FIQ (Fédération Interprofessionnelle de la santé du Québec)

Protocole de réanimation simplifié de la COVID-19 pour tous milieux de soins prenant en charge des usagers hors des hôpitaux : ce que vous devez savoir

Protocole de réanimation simplifié de la COVID-19 pour tous milieux de soins prenant en charge des usagers hors des hôpitaux : ce que vous devez savoir

Le 9 avril 2020, le gouvernement a émis un Protocole de réanimation simplifié de la COVID-19 pour tous milieux de soins prenant en charge des usagers hors des hôpitaux.

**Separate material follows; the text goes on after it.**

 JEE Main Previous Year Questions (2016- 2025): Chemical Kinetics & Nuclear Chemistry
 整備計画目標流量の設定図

Selon ce protocole, lorsqu’une personne est en arrêt cardio-respiratoire ailleurs que dans un hôpital :

  • Si la personne est inconnue ou que son statut COVID-19 est inconnu, probable ou positif OU que le milieu de soins est en éclosion de COVID-19, il ne faut ne pas faire de massage cardiaque
  • Si une personne est connue, ne présentait aucun symptôme et/ou avait un test de la COVID-19 négatif récemment, il faut faire un massage cardiaque.

Comme la plupart des professionnelles en soins œuvrant en CHSLD n’ont pas l’équipement de protection nécessaire, notamment des masques N95 et que les manœuvres de réanimation sont des manœuvres à haut risque pour la transmission du virus, il est clair pour la FIQ que ce protocole nie les recommandations de l’INSPQ sur l’utilisation du N95 en situation de haut risque.

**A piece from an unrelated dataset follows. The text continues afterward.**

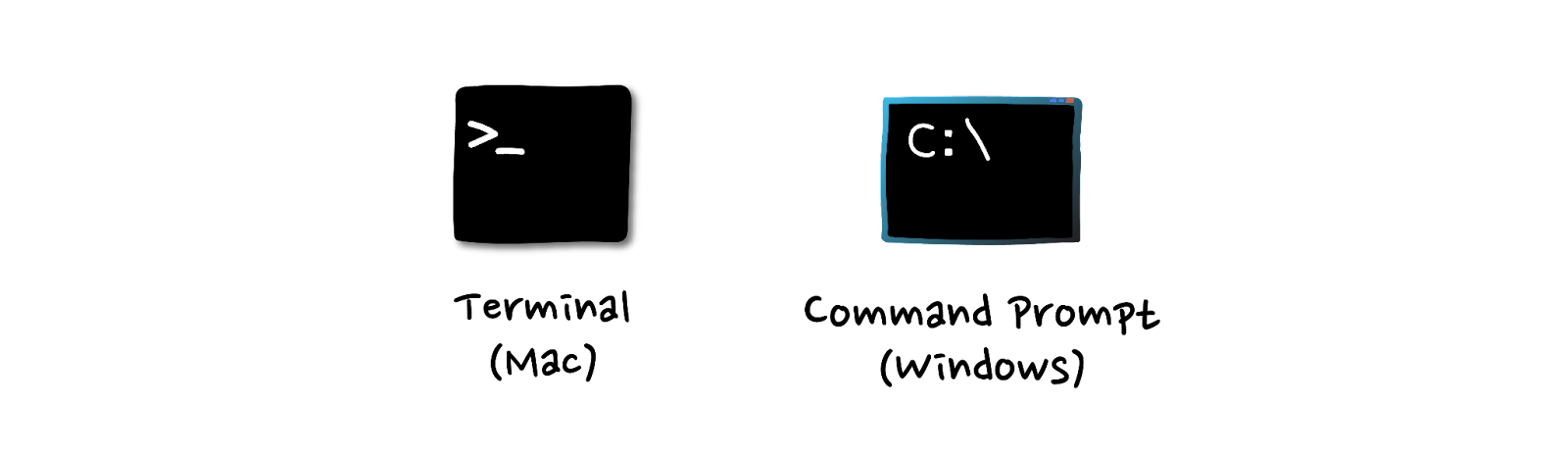 Codédex | 01. In The Beginning...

Le manque de clarté du protocole fait reposer la décision de réanimer sur les épaules de la professionnelle en soins, avec toutes les conséquences qui peuvent en découler tant sur le plan déontologique que sur le plan de la santé et de la sécurité du travail.

Les professionnelles en soins font face à un conflit éthique, dès lors qu’on leur demande de ne pas intervenir auprès d’un patient en détresse puisque réanimer sans protection comporte un haut risque de contamination et que ne pas réanimer peut exposer la professionnelle en soin à des conséquences d’ordre déontologique.

La position de la FIQ

La FIQ ne cautionne pas :

  • le fait de mettre les professionnelles en soins en danger ;
  • le fait de mettre les professionnelles en soins en conflit avec leurs obligations déontologiques et leurs obligations de porter secours ;
  • le fait de créer deux catégories de patients : ceux en CHSLD auront droit à moins de soins que ceux en milieu hospitalier.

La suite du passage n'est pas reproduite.